Ad esempio, giovedì 16 febbraio alla biblioteca del Senato, un panel di alto livello (Giuliano Amato, Carlo Calenda, Sabino Cassese, Andrea Manzella), coordinato da Antonio Polito, presenterà il volume di Antonio Armellini e di Gerardo Mombelli “Né Centauro Né Chimera. Modesta proposta per un’Europa plurale” uno dei primi saggi sull’argomento che esce dopo le dichiarazioni della signora Merkel. Non ha la pretesa di essere un lavoro scientifico, come i numerosi che anno affollato scaffali di biblioteche universitarie di questi ultimi anni o le raccolte di paper accademici, quali quella del Social Science Research Network. È un lavoro professionale di un ambasciatore e di un alto dirigente della Commissione europea. Non sta certo a noi anticipare il contenuto della proposta per l’Europa plurale di Armellini e Mombelli.
È utile però ricordare che nella sterminata letteratura in materia, un utile e conciso lavoro è stato pubblicato nel settembre 2015 da tre giovani studiosi del Centro Marco Biagi dell’Università di Modena e Reggio Emilia: Paola Berolini, Francesco Pagliacci e Antonio Pisciotta. Il lavoro, ora che l’argomento è diventato attuale, è stato ricordato unicamente dal Centro Studi Impresa/Lavoro. Merita invece di essere letto e meditato. Già allora i tre giovani studiosi concludevano che il crescere delle divergenze tra le varie aree dell’Unione europea e soprattutto dell’unione monetaria, rendevano necessario progettare un’Europa a diverse velocità.
Come farlo? Non sta a noi anticipare analisi e conclusioni di Armellini e di Monbelli, non è questa la sede per riassumere quelle di Paola Berolini, Francesco Pagliacci e Antonio Pisciotta. Possiamo, però, tracciare alcune idee. Nell’ambito dell’Ue, sta operando un gruppo di lavoro sulla revisione del Fiscal compact. Secondo le voci che corrono nei principali ministeri delle capitali Ue di maggior peso, e ovviamente, a Bruxelles, l’idea di base sarebbe quella di rendere il Fiscal compact più flessibile, ma anche d’incorporarlo nel Trattato di Maastricht.
È un’ottima occasione sia per rivedere i parametri di Maastricht (non perché definiti stupidi da Romano Prodi, ma perché non hanno retto alla prova di circa un quarto di secolo) ma per riformare la basi stesse dell’unione monetaria.
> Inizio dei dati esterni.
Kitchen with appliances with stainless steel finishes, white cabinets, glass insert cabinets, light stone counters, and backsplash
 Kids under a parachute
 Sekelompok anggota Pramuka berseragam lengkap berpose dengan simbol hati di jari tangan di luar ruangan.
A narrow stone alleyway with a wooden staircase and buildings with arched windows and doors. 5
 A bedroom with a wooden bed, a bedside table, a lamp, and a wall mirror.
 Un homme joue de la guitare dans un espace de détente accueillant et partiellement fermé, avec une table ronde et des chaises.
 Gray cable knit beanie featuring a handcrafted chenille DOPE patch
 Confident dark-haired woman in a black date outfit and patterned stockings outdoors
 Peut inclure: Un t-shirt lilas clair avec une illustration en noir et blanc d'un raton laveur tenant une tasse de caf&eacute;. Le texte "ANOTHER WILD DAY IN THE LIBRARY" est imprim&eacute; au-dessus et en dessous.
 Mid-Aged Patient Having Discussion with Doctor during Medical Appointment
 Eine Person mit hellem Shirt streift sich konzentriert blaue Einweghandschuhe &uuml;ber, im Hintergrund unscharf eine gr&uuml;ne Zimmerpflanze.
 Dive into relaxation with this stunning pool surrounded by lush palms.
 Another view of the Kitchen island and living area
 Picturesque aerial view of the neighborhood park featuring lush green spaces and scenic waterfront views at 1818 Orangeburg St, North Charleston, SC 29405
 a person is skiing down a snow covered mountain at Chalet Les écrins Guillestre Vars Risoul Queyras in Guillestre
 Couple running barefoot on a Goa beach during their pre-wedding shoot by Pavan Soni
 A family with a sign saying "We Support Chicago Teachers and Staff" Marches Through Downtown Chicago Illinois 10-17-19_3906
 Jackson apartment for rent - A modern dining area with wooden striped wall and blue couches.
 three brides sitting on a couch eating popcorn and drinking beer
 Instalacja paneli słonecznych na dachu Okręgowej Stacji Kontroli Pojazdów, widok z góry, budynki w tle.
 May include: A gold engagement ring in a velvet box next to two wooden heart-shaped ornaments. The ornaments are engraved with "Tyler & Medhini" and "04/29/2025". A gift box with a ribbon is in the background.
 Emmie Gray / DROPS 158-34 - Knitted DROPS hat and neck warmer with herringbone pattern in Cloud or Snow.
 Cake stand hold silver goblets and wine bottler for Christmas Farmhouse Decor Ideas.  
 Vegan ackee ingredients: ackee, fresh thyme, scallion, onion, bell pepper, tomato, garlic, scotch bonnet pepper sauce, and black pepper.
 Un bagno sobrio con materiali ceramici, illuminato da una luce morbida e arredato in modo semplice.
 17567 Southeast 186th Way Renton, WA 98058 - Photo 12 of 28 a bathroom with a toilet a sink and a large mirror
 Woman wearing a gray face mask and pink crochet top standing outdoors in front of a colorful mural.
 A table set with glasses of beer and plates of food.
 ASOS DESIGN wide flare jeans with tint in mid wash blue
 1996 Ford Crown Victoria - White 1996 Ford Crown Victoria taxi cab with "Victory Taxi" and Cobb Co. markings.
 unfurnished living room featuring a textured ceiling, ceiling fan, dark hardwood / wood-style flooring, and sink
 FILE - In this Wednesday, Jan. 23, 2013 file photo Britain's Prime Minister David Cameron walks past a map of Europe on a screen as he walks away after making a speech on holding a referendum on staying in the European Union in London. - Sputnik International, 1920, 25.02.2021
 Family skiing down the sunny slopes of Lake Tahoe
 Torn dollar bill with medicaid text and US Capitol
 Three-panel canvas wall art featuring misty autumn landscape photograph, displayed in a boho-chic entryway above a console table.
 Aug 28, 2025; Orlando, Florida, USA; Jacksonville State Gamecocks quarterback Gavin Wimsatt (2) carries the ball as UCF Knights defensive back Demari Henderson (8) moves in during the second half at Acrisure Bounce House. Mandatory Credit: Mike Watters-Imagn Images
Non è detto che l’unione monetaria sia, nella forma attuale, “irreversibile”, come ripete il presidente della Banca centrale europea, Mario Draghi. Nei secoli ci sono state unioni monetare che si sono dissolte quando le divergenze dell’andamento delle economie reali dei suoi Stati membri ne hanno fatto crollare i tessuti connettivi di base.
Non molto tempo fa su Formiche si ricordò che dopo la Seconda guerra mondiale, una quindicina di unioni monetarie si sono dissolte, di queste una si è ricostituita (dopo trent’anni dalla dissoluzione) e una sola (quella dell’Ue) è stata creata. Il nodo centrale non è se l’unione monetaria europea sarà “irreversibile” ed “eterna” o meno (nulla di umano lo è) ma come farla reggere e in caso di scioglimento evitare traumi troppo forti, ossia di farsi inutilmente male.
Occorre mettere in atto un sistema monetario simile a quello di Bretton Woods. Si può farlo senza tornare alle vecchie monete nazionale: su ciascun euro è indicata la banca centrale nazionale che lo ha emesso e, quindi, sotto il profilo tecnico non è difficile tornare a un accordo sui cambi (quale quello colloquialmente chiamato Sme) utilizzando come “parità centrali” quelle adottate nell’istituzione dell’euro. Perché ciò non sia l’anticamera della dissoluzione dell’euro, però, sono necessari altri due elementi: trasformare la Bce in un’istituzione simile al fondo monetario che monitori non questo o quel parametro, ma le politiche degli Stati membri e intervenga in modo fattivo, e finanziario, per schock di breve periodo e un’espansione del ruolo della Bei nel suo supporto agli Stati meno sviluppati.